Most hosted AI DevOps tools work in one of two ways: they install an agent on your infrastructure that sends telemetry to the vendor's cloud, or they ask you to paste credentials directly into a SaaS platform. Either way, your credentials or the data they unlock lives in someone else's environment.

When you grant an AI assistant access to your cloud accounts, you are trusting more than the tool. You are trusting the vendor's security posture, their breach response, their data retention policies, and the access controls governing which employees can view your data — plus every sub-processor in their supply chain.

High-profile credential leaks frequently trace back to third-party tooling rather than direct infrastructure breaches. In the CircleCI incident of January 2023, customer secrets were exfiltrated from CircleCI's systems — every team using CircleCI had to rotate credentials immediately, regardless of whether their own infrastructure was hardened. The Codecov breach in 2021 involved a compromised uploader script that stole environment variables and credentials from CI pipelines. In both cases, the attack surface was a trusted third-party tool, not the affected team's own infrastructure.

The pattern is consistent: when credentials leave your controlled environment, the perimeter expands to include every system they touch.

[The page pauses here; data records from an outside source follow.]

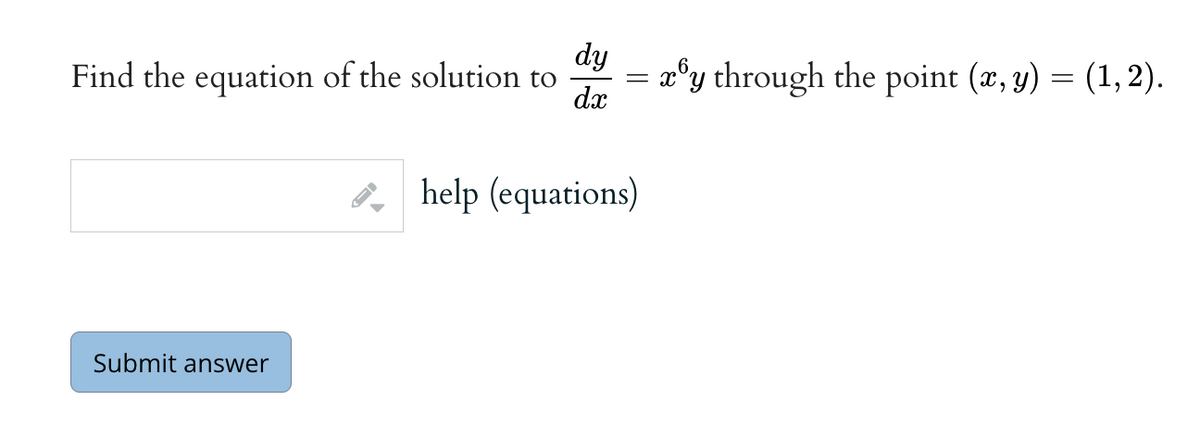 Find the equation of the solution to
Submit answer
dy
dx
=
help (equations)
xy through the point (x, y) = (1, 2).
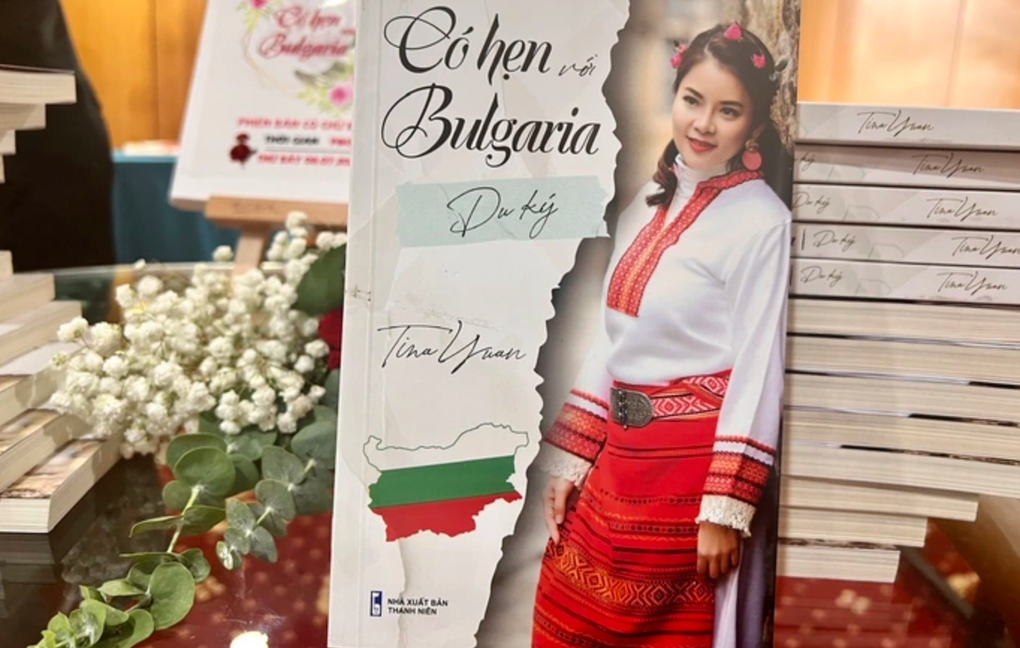Khám phá vẻ đẹp Bulgaria qua hồi ký của tác giả gốc Việt Tina Yuan - 2 Khám phá vẻ đẹp Bulgaria qua hồi ký của tác giả gốc Việt Tina Yuan - 2
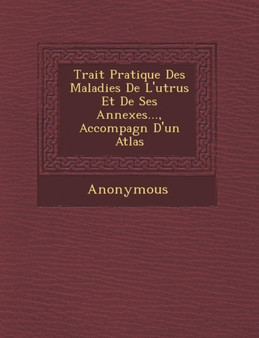 Trait Pratique Des Maladies de L'Ut Rus Et de Ses Annexes..., Accompagn D'Un Atlas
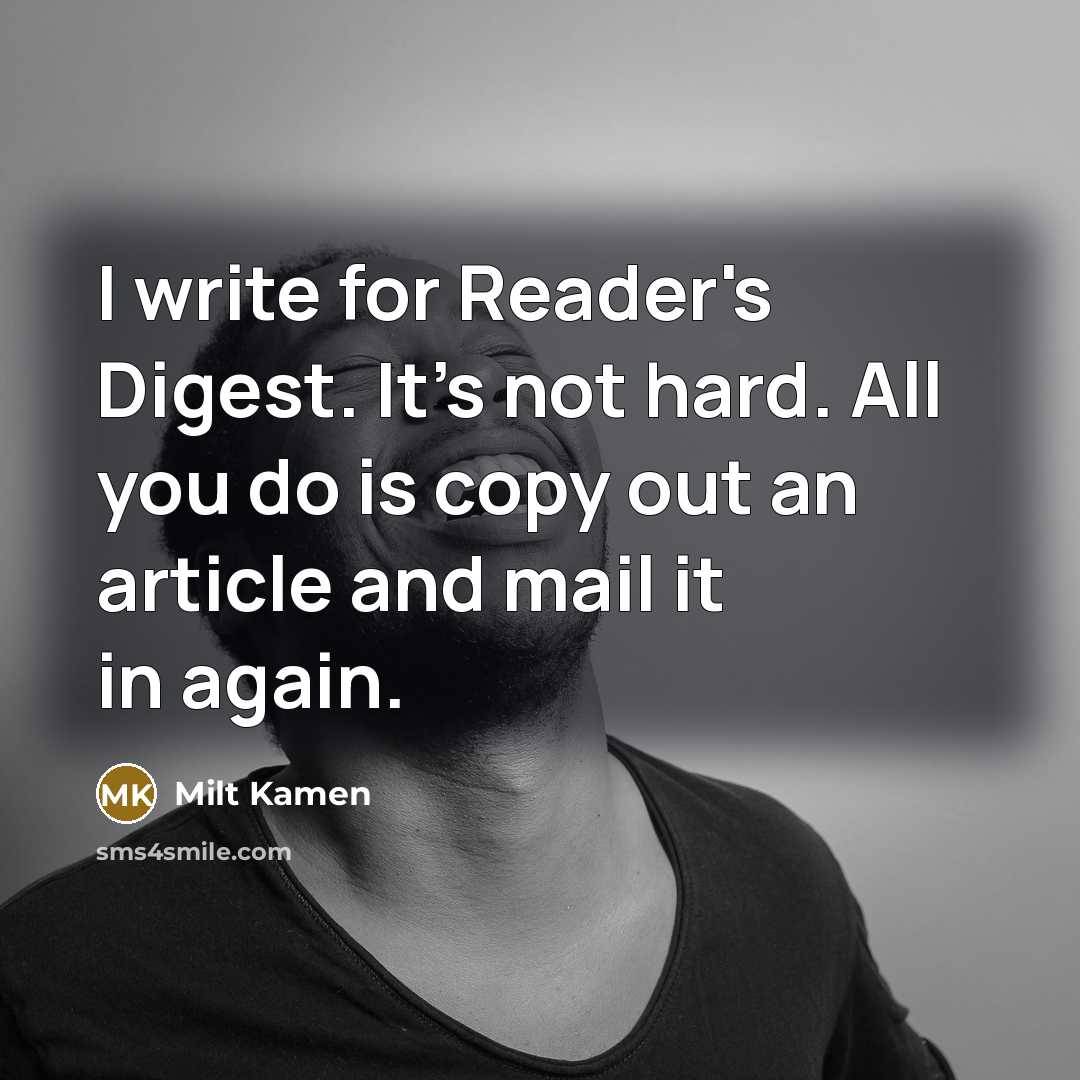 “I write for Reader's Digest. It's not hard. All you do is copy out an article and mail it in again.” quote by Milt Kamen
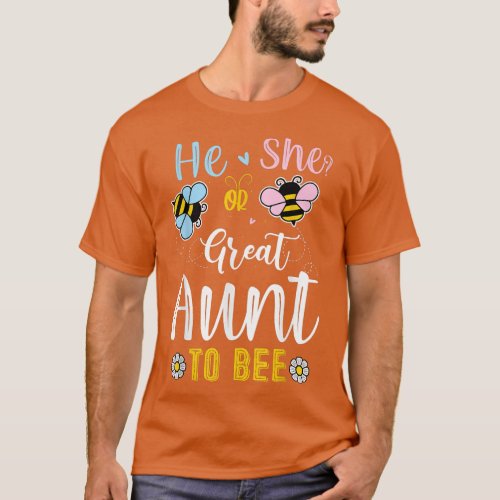 He Or She Great Aunt To Bee Gender Reveal  T_Shirt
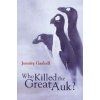 Who Killed the Great Auk?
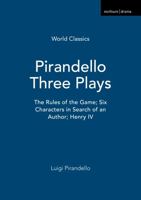 Three Plays by Luigi Pirandello: Six Characters in Search of an Author; Henry IV and Right You Are 0413575608 Book Cover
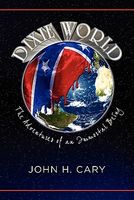 Dixie World: The Adventures of an Immortal Being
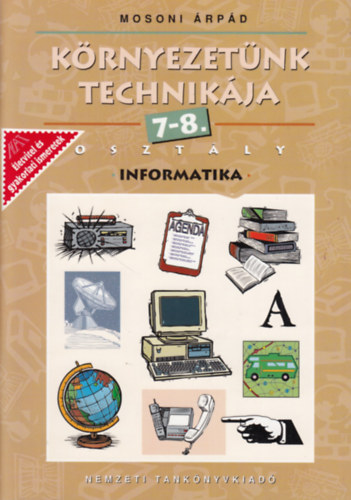 Könyv: Környezetünk technikája - Informatika 7-8 o. (Mosoni Árpád)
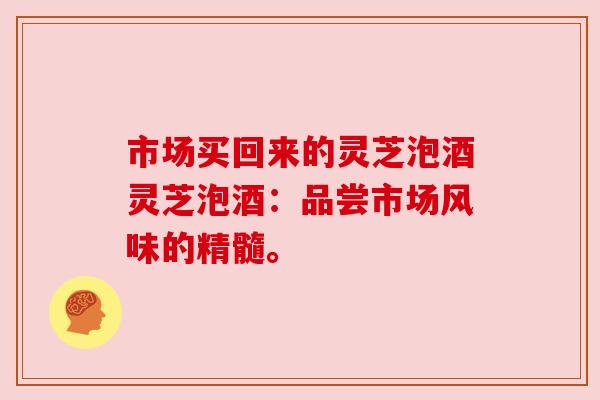 市场买回来的灵芝泡酒灵芝泡酒：品尝市场风味的精髓。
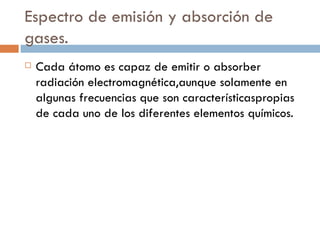 Espectro de emisión y absorción de gases. Cada átomo es capaz de emitir o absorber radiación electromagnética, aunque solamente en algunas frecuencias que son características propias de cada uno de los diferentes elementos químicos.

2. The Two Models: Hosted vs Local-First

The AI infrastructure assistant market is splitting along a clear architectural line:

Approach How credentials are handled Example tools
Hosted AI assistant Credentials stored or proxied on vendor platform AWS Q, Datadog Bits AI, most hosted AI copilots
Local-first assistant Credentials read from local machine, never leave Clanker Cloud, Clanker CLI

The hosted model is not inherently reckless — for teams already comfortable with a vendor's security posture, the convenience may outweigh the risk. But it is a deliberate trust decision that should be made explicitly, not by default.

The local-first model draws a hard boundary: the tool runs on your machine, reads credentials from the same secure storage your other local tools use, and makes API calls directly from your machine. The vendor's infrastructure is never in the data path.


3. How Most Hosted AI Assistants Actually Handle Your Credentials

It is worth being specific about what "hosted" means in practice, because the word covers several different architectures.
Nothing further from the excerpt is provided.